Russell Brand provides some food for thought in this video.

He quotes Edward F. Edinger explaining that we need a central living myth to give us a reason for our existence. “Meaning is lost, and in its place primitive and atavistic contents are reactivated. Differentiated values disappear and are replaced by the elemental motives of power and pleasure, or else the individual is exposed to emptiness and despair.”

Look at how much extra wealth Jeff Bezos has acquired since the pandemic took hold. Coronavirus is changing our world. Society is becoming more divided than ever at a time when we should be working together and seeking unity.

And here I am pointing two fingers, one at society in general and the other at myself.

We need people like Daniel C. Wahl and Declan Kennedy if there is going to be any sort of future worth living.

 

 

 

14 thoughts on “The Reformed Joker with a Serious Message

  1. I watched about 1 minute.

    The most inefficient method of communication ever devised — communication by youtube video. If you have a position that you want to argue, then just argue it.

  2. Neil Rickert:
    I watched about 1 minute.

    The most inefficient method of communication ever devised — communication by youtube video.If you have a position that you want to argue, then just argue it.

    I think Russell Brand’s nearly 3 million subscribers to his youtube channel beats any message I relay here. 🙂

  3. Neil Rickert:
    CharlieM: I think Russell Brand’s nearly 3 million subscribers to his youtube channel beats any message I relay here.

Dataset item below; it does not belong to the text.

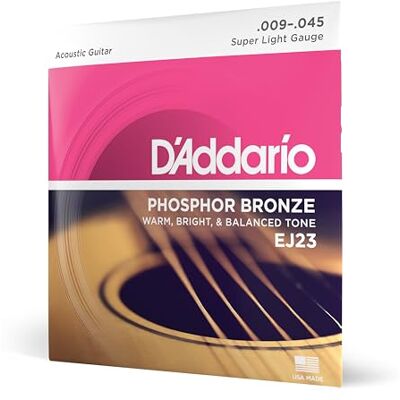 D'Addario Cuerdas Guitarra Acústica Bronce Fosforado Super Light 9-45 D'Addario Cuerdas Guitarra Acústica Bronce Fosforado Super Light 9-45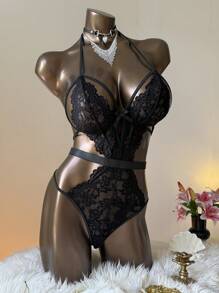 Aloruh Women's Sexy Lace Halter Backless Bodysuits, Black - Black - View 4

    Neil Rickert: I am underwhelmed. Popularity is not a measure of value.

    Speaking of value.

    Jeff Bezos, CEO of Amazon was worth $182 billion in January.

    Are you underwhelmed by the fact that from March to September 2020 he could have paid each and every one of the 876 000 Amazon employees and still have been as wealthy as he was when the pandemic started?

    Are you underwhelmed by the fact that 22 of the worlds richest men have more wealth than all the women in Africa?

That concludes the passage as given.